Пифагор подвинулся и ощутил железную мощь тела атлета.
— Неудача! — воскликнул Милон. — Жребий соединил меня со слабым противником. Он может отказаться от схватки, и тогда победа достанется мне без боя и дорогу, ведущую к храму Зевса, украсит моя статуя.
— При чём тут статуя? — удивился Пифагор.
— Таковы правила. Трус уплачивает штраф. На штрафные деньги ставят статую олимпионику. У храма Зевса их целая фаланга.
Пифагор обратил взгляд к храму. Ведущая к нему дорога была с обеих сторон окаймлена статуями.
Неужели было столько трусов?
— Штраф берут и за попытку подкупа. Но вот, я вижу, выходят трубач и глашатай. Мы дождались бега, который голова всему. Бег коней, в котором Пелоп победил Эномая.
— С помощью обмана, — перебил Пифагор. — А штрафных денег с него не взяли. И более того — назвали полуостров его именем.
Тем временем трубач и глашатай вышли на середину поля. Зазвучала труба, возвещая начало забега, и раздался зычный голос:
— Пусть выходят бегуны!
Их четверо, обнажённых, совершенных в юной красоте.
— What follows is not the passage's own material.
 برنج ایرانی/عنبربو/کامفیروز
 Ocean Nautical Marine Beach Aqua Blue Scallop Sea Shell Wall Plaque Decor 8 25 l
Пока они подходят к белому порогу с протянутыми вперёд руками, упираются ступнями в ямки, глашатай выкрикивает имена состязающихся, называя их родину — Афины, Сиракузы, Спарта, Хиос.
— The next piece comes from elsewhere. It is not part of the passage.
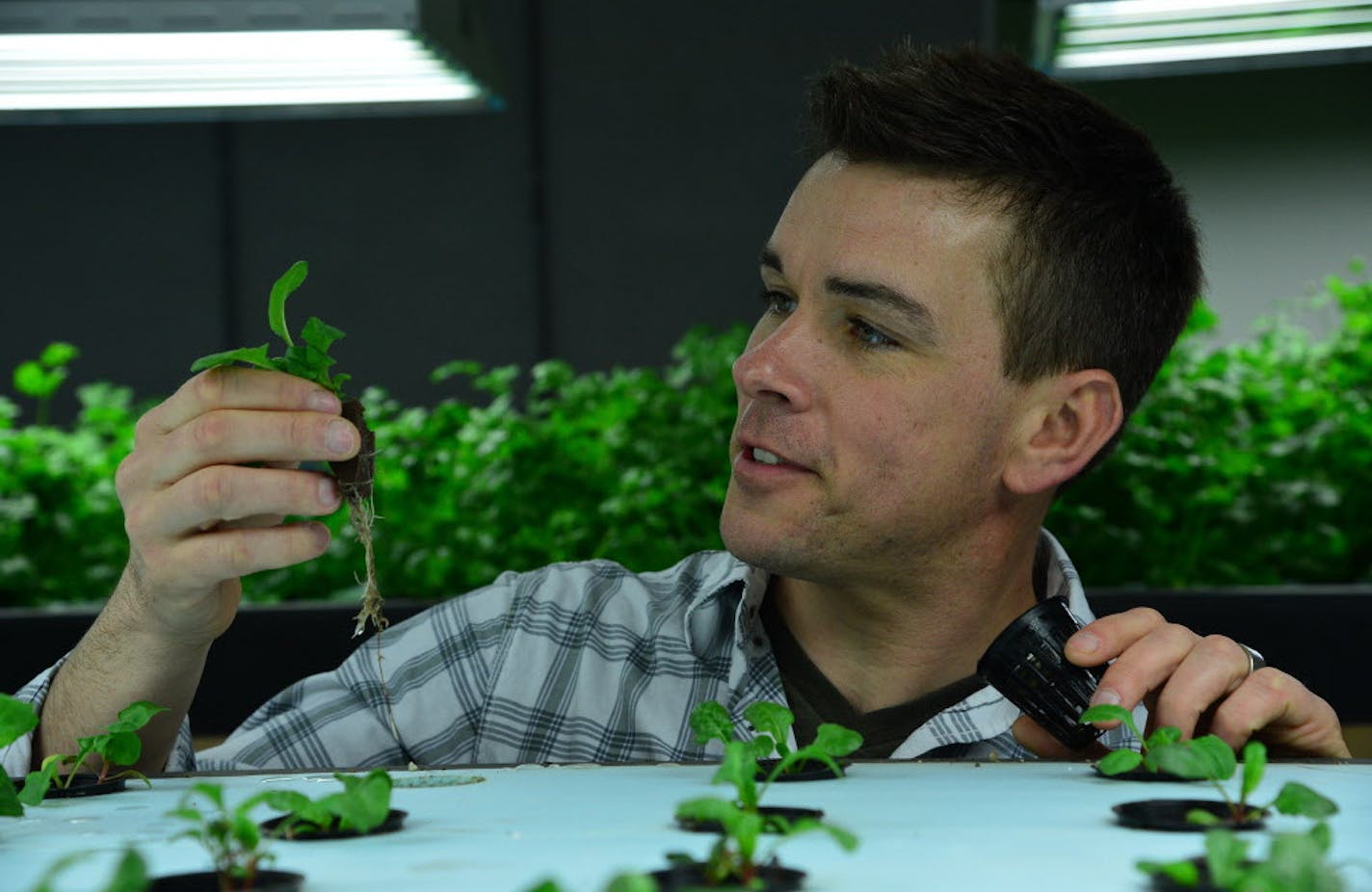 Swiss chard is one of the crops being grown in the green house.. Dave Haider looked over some of the seedlings ] The land of sky blue waters is becoming the land of bright green organic vegetables. The Hamm's brewery, built over artesian wells that led to the company's iconic motto, has been repurposed as an aquaponic facility called Urban Organics that is using the water to grow fish and vegetables. Richard.Sennott@startribune.com Richard Sennott/Star Tribune St Paul Minn.Wednesday 4/2/2014) **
Вперёд сразу же вырываются спартанец и афинянин. Они мчатся, едва касаясь земли. Хиосец бежит третьим. Но вот он обгоняет афинянина и обходит спартанца. Он первый. Судья поднимает его руку и вручает победную ленту, жрец передаёт факел, и под торжествующий рёв загораются уже лежащие на алтаре жертвы.
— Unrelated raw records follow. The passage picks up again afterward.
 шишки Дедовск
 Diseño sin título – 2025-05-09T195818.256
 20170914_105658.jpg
— Мой выход вечером, — внезапно проговорил Милон. — Но мне бы не хотелось, чтобы ты стал свидетелем постыдного зрелища. Лучше походи по Олимпии.
Пифагор решил начать с посещения олимпийского храма Геры, не уступавшего по древности самосскому, но не испытавшего его бедствий.
Конечно же такого нет нигде. Взгляд выхватил и отделил среди каменных колонн одну деревянную. Коснувшись кончиками пальцев гладкой поверхности, Пифагор ощутил её древнюю неиссякающую теплоту.
И снова в глазах его потемнело. Он увидел себя стоящим у мачты корабля и вглядывающимся в невысокий берег. «Пеласгия!» — услышал он слова кормчего и вслед за ними плеск коснувшихся волн якорей.
— Да хранит тебя Посейдон! — проговорил Эвфорб, подходя к борту. — Можешь отчаливать.
— Нет, я тебя дождусь.
— Откуда у тебя такая уверенность ? — отозвался Эвфорб.
Ноги коснулись дна. И вот он бредёт по пояс в воде, повторяя одно и то же: «Парфенона... Парфенона».
И снова мелькнул свет. Эвфорб ощутил себя Пифагором. Оторвавшись от деревянной колонны, он вступил в пронаос, и взору открылась каменная фигура богини на троне. Вскинутые дуги бровей, взгляд, источающий спокойствие. «Конечно же, — подумал Пифагор, — статуя моложе храма на много столетий».